*Brief*: Please return only the lines from the one showing "Dolphin Nitril Powergrip" to the end of the entries, keeping both ends and dropping every picture.

Data entries:
○ ○ ○ ○ ○ ○ ○

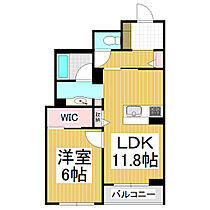 ＲＥＶ・ＭＯ　Ｅｍｅｒａｌｄ  ｜ 長野県松本市笹部2丁目（賃貸マンション1LDK・2階・48.20㎡） その2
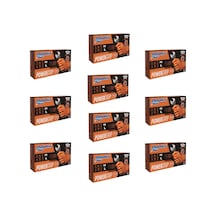 Dolphin Nitril Powergrip Ekstra Kalın Elmas Dokulu Eldiven Turuncu Large Büyük Boy - 50'li 10 Paket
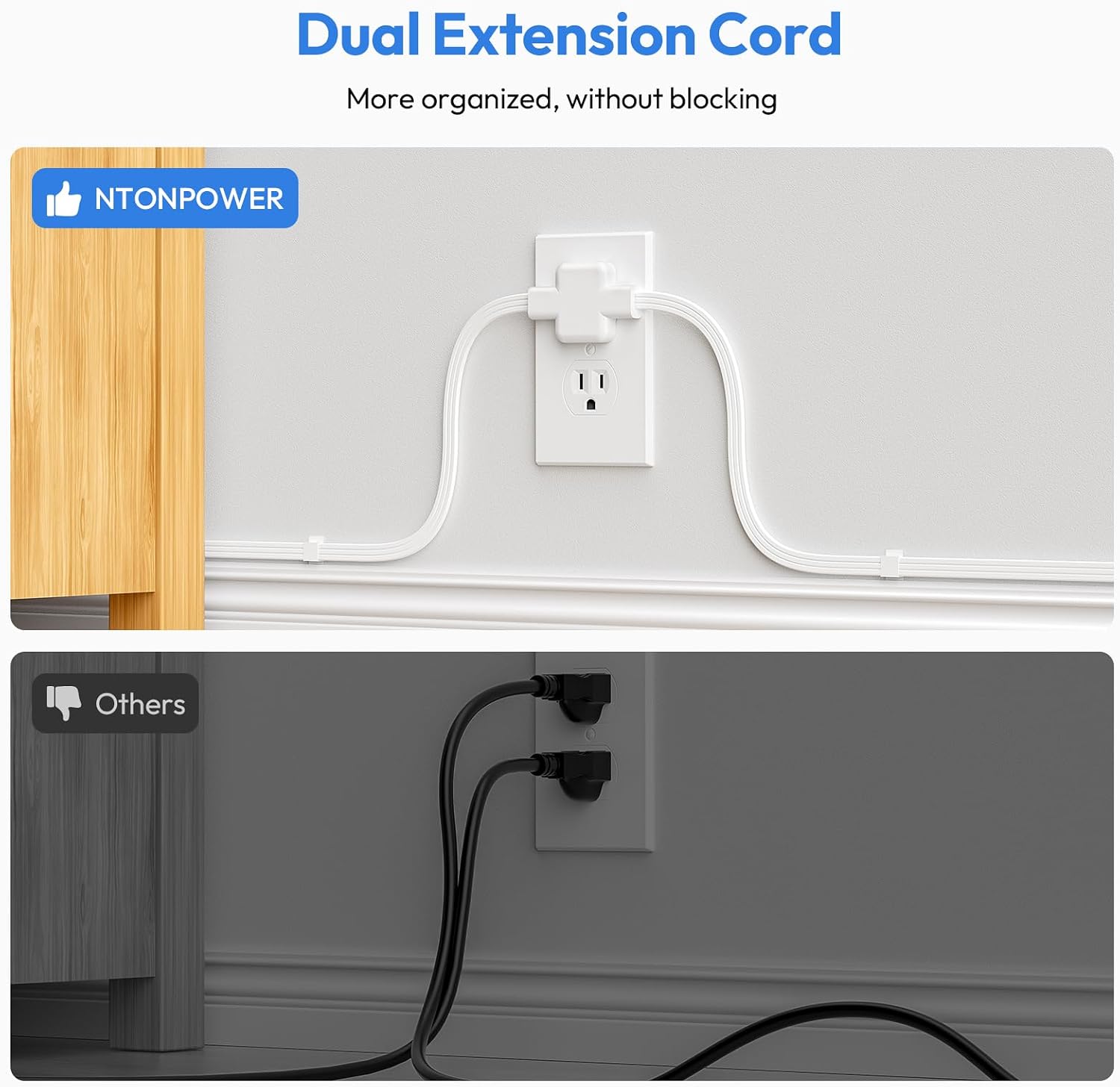 Varaletti DualReach Split Extension Cord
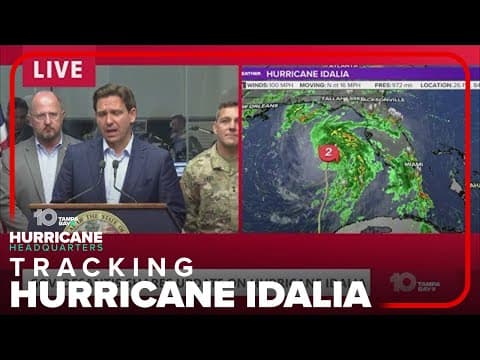 'Be ready for impact': Gov. DeSantis, state officials share update on Hurricane Idalia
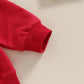 Valentine 'S Day Outfit Clothes Set Infant Toddler Baby Boy Long Sleeve Sweatshirt And Pants Set (Red, 3-6 Months)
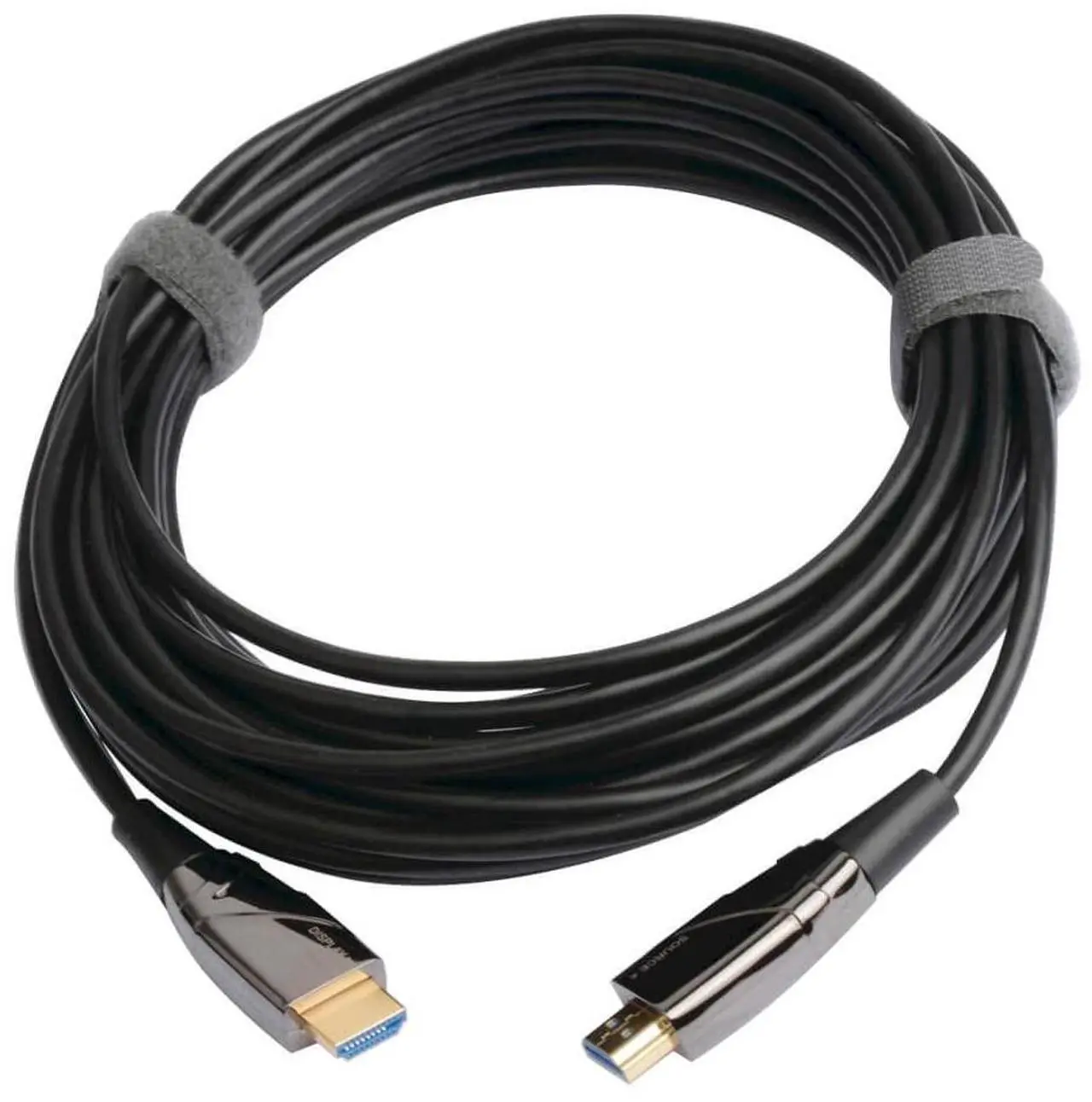 Alt view image 8 of 8 - Tripp Lite Fiber Optic HDMI 2.0 (Active HDMI Cable), High Speed HDMI Cable, 4K, 60Hz, 4:4:4, 18 Gbps, 20 m. (65 ft.) Black (P568-20M-FBR)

○ ○ ○ ○ ○ ○ ○

*Your response*:
 Dolphin Nitril Powergrip Ekstra Kalın Elmas Dokulu Eldiven Turuncu Large Büyük Boy - 50'li 10 Paket
 Varaletti DualReach Split Extension Cord
 'Be ready for impact': Gov. DeSantis, state officials share update on Hurricane Idalia
 Valentine 'S Day Outfit Clothes Set Infant Toddler Baby Boy Long Sleeve Sweatshirt And Pants Set (Red, 3-6 Months)
 Alt view image 8 of 8 - Tripp Lite Fiber Optic HDMI 2.0 (Active HDMI Cable), High Speed HDMI Cable, 4K, 60Hz, 4:4:4, 18 Gbps, 20 m. (65 ft.) Black (P568-20M-FBR)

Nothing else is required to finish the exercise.